いや、目の前のディスプレイに周りの景色が表示されているから目線が同じに見えるだけだ。僕が大きくなったわけではない。つまり、さっきの少女自身がこの機械になったという事だ。じゃあ、ヴァーニマエの正体はこんな僕と年の変わらない少女なのか?おさまらない疑問を解決したい気持ちが溢れるが、今はそれどころではない。2射目が来る。
僕は攻撃を避けるために跳びあがる。
「もう、これ以上町は破壊させない。聞こえるか?なんか武器ないのか?」
すると、右手側の操縦桿近くにさっきの少女がホログラムで出現した。
「聞こえてるわよ。というか、なんでこれの操縦できるのよ?」
「知るかよ。なんかどこかで、見たことあるんだよ。多分ゲーセンだと思うけど。」
「まぁいいわ。武器は手のひらの衝撃波発生装置だけよ。それ以外は私に搭載されてない。使い方は…」
「大丈夫。多分わかるし、出来る。このまま飛び続けて、近くの海上まで行く。ここで戦えば、さらに町を壊しかねない。町から海が近くて助かったぜ。」
「まぁ、そこら辺はあなたに任せるわ。でも、あなたの体力が切れたら、飛べなくなるし、武装も使えなくなることは忘れないで。」
返事をしようとしたとき、コクピット内にけたたましいアラートが響く。後ろから、さっきの二機の白い機械がビームを連射しながら追いかけてきていた。
「予想通り。これならいける。急制動をかけるぞ!」
足裏の姿勢制御用バーニアを前向きに全力で掛ける。先ほどの加速をなくす勢いで、一気に減速をかける。

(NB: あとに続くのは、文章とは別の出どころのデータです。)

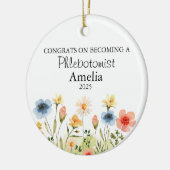 Gepersonaliseerde flebotomist Ornament, Afstuderen Keramisch Ornament (Links)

分かっていても体が前に行きそうになる。慣れない急激なGの増加で、気を失いそうになるが、耐えきった。おかげで、追いかけていた二機と位置関係が逆転する僕が今度は追う側の立ち位置だ。さらに上を取られないようにするために上空を目指して、スラスターをふかす。
「これで形勢逆転だな!こんな単純な技に引っかかるなよ。」
僕の下側からビームを乱射してきている二機のうちの片方にめがけて、落下していく。
ビームを軽やかに避け、右手の武装を起動する。
「これでもくらえ!」
僕の攻撃は敵の機体の胸部装甲の中心にクリーンヒットした。
そして攻撃が命中した敵機はそのまま勢いよく海に沈んでいった。残ったもう一機はこれを見て、どこかに逃げて行った。その瞬間張り詰めていたものが途切れたのだろう。僕も機体ごと海に落ちて行った。
「町は守れたみたい…だ…。」
僕の意識はここで一度途切れる。